The past two days I have been sick and it hasn't been fun. I think everything that we have been facing here finally caught up to me and my physical body said NO MORE!! It isn't fun laying in bed, when you hear the love and laughter of children out the window and you can't play with them or when you hear the other volunteers raving about how good the food is they are eating that just so happened to come from your favorite "restaurant." It is great to be a part of a team that helps each other out in situations like this. I am so grateful that Bryan, Anita and Tyler have been leading the Holland Christian team for me, but it also is tough missing out moments with the team and evening worship times. Through it all I have been reminded that once I leave BG, life still goes on. Teams still come, videos are still made, photos are taken and nothing skips a beat. It is not an easy time, so then I try and focus on Michigan and the good that happens when I see family and friends and I get to worship at my home church. But then my head fills with all the other things that happen while I am home. The amount of traveling that takes place and the new fund raising goals I have for myself that will take a lot of time and energy. Then my heart starts to race because I know that while I have been in Lesotho, life continued to go on in Michigan and when I get home it doesn't mean I will be invited to everything, because sometimes people forget I am home. So then I lay in bed and think of all the things I can do in Michigan to better serve BG and try not to connect to the people there so that in 5 months all this thinking won't occur again. It makes my heart race because it is then 2am and I can't turn my brain off.

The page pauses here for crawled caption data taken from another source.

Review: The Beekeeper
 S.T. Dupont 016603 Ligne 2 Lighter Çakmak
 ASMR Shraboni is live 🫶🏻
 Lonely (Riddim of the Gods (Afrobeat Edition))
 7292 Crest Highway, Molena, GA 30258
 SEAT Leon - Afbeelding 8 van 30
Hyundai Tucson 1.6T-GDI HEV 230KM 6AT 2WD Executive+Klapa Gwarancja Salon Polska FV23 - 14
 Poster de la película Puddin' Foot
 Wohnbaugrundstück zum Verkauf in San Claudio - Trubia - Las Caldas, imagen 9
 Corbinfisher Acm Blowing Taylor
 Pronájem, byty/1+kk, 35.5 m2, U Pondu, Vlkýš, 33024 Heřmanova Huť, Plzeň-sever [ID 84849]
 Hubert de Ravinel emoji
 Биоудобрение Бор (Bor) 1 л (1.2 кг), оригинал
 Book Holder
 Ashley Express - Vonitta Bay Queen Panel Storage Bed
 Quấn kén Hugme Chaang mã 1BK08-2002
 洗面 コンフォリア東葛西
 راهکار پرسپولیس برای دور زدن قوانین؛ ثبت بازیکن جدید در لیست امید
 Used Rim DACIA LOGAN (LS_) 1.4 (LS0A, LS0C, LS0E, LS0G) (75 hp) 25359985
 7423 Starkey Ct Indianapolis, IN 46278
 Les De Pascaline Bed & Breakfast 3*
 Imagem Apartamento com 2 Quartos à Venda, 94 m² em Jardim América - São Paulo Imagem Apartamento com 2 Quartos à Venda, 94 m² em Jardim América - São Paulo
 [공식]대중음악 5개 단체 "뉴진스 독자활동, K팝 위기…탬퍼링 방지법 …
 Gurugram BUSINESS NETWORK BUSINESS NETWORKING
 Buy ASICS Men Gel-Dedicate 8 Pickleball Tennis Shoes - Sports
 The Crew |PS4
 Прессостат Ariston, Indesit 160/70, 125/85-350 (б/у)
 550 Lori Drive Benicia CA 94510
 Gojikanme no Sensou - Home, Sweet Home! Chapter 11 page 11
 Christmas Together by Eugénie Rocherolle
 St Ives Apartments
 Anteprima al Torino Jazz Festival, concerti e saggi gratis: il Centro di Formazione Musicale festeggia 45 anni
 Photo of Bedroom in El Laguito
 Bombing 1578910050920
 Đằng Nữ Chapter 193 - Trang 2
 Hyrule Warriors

Home is a weird term for me now. I really don't know where it is. I know that Heaven is my true home, but there are moments that my earthly body would like a place to settle and not have to live with a suit case always out. But then I remember how easily the children's hands fit right into mine and how the staff trust me with stories about their families and my heart remembers the joy in what I do in Lesotho. And I also remember how great it is to share BG with people in North America and have time with my nephews and nieces as well as be able to worship at my home church and enjoy everything that is North America. So every 5 months I have a few weeks of hard transition and then I get on a plane and try to remain obedient to God's call, even though it means I live in two different worlds at the same time. Over the past few months I have had to tell myself to be still, to not let my emotions and thoughts overtake the reason I know why I have been chosen for this job. In being still I know that God is God (Psalm 46:10) and that He is fighting for me (Exodus 14:14) but I still have moments when all I want to do is run and hide from saying goodbye even though I know there are hellos on the other side of the plane ride.

It is tough, but in the end I know that I have an army praying my through the tough transitions and that makes it a little easier. Thank you all for praying me through the next few weeks.

1 comment:

  1. Prayers, dear one! Can't wait to hug you on this side of the globe!